> [Goal of the exercise] Your answer should consist of each line from the data below that contains "Seasonal".

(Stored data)
------------------------------------------------------------------------
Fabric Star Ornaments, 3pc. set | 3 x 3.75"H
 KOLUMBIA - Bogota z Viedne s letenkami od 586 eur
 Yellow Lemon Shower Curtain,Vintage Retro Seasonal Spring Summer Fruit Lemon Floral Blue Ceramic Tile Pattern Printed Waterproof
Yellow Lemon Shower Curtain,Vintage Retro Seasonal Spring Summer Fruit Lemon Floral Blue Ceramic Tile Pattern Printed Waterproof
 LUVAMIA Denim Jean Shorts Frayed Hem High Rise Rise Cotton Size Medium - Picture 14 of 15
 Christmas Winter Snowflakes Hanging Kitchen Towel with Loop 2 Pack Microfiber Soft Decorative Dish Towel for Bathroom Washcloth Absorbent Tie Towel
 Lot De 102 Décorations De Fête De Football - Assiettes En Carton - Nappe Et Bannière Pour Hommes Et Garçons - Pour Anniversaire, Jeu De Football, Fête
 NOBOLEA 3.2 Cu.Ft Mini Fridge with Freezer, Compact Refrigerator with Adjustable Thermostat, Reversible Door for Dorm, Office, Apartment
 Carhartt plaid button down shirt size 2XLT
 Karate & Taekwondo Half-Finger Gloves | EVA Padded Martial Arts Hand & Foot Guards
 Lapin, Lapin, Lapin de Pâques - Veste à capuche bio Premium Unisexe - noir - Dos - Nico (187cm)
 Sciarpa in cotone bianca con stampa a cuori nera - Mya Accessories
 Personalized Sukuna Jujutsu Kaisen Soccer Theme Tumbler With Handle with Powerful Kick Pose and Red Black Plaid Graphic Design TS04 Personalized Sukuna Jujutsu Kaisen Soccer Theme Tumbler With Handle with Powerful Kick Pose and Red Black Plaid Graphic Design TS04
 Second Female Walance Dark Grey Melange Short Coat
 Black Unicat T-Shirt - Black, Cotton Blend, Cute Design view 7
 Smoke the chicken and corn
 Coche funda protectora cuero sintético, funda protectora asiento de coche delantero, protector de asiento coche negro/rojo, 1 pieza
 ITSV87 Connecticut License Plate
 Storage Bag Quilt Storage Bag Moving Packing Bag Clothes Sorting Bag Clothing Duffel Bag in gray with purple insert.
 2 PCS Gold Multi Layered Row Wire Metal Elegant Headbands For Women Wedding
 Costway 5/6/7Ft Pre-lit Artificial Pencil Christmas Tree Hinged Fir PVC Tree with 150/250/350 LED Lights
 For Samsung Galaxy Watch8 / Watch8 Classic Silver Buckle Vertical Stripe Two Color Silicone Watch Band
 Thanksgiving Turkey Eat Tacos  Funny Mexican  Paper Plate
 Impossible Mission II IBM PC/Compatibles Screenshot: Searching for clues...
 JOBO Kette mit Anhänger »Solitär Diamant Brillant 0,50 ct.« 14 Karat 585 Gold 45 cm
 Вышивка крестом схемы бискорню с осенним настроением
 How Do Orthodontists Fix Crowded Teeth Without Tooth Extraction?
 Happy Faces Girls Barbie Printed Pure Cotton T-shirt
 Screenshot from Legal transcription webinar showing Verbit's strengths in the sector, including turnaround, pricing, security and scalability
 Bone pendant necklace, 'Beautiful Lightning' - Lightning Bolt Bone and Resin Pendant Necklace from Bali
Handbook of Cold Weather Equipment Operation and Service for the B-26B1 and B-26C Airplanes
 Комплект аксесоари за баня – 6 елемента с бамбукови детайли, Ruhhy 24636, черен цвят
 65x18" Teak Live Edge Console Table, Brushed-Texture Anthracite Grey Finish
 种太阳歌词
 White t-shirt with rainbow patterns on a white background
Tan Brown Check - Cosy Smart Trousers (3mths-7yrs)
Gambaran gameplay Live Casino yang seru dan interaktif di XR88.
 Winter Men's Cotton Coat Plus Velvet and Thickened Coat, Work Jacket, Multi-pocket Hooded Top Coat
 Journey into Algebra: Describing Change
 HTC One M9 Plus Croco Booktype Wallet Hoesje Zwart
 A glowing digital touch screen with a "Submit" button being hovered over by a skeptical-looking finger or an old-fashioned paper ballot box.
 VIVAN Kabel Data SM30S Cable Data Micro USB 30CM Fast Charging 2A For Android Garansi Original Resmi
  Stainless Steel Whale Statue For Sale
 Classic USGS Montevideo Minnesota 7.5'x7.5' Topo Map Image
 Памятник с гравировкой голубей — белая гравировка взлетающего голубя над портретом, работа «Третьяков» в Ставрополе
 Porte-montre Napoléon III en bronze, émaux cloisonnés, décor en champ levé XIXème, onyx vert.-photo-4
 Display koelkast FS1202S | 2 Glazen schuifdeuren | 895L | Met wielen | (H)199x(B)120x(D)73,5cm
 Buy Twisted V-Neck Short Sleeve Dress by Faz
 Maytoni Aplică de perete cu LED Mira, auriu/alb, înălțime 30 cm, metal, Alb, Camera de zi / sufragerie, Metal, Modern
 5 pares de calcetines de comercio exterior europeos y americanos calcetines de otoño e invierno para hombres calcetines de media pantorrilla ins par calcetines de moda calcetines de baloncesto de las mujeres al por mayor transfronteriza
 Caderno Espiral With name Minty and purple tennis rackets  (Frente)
------------------------------------------------------------------------
> [Output]
 Yellow Lemon Shower Curtain,Vintage Retro Seasonal Spring Summer Fruit Lemon Floral Blue Ceramic Tile Pattern Printed Waterproof
Yellow Lemon Shower Curtain,Vintage Retro Seasonal Spring Summer Fruit Lemon Floral Blue Ceramic Tile Pattern Printed Waterproof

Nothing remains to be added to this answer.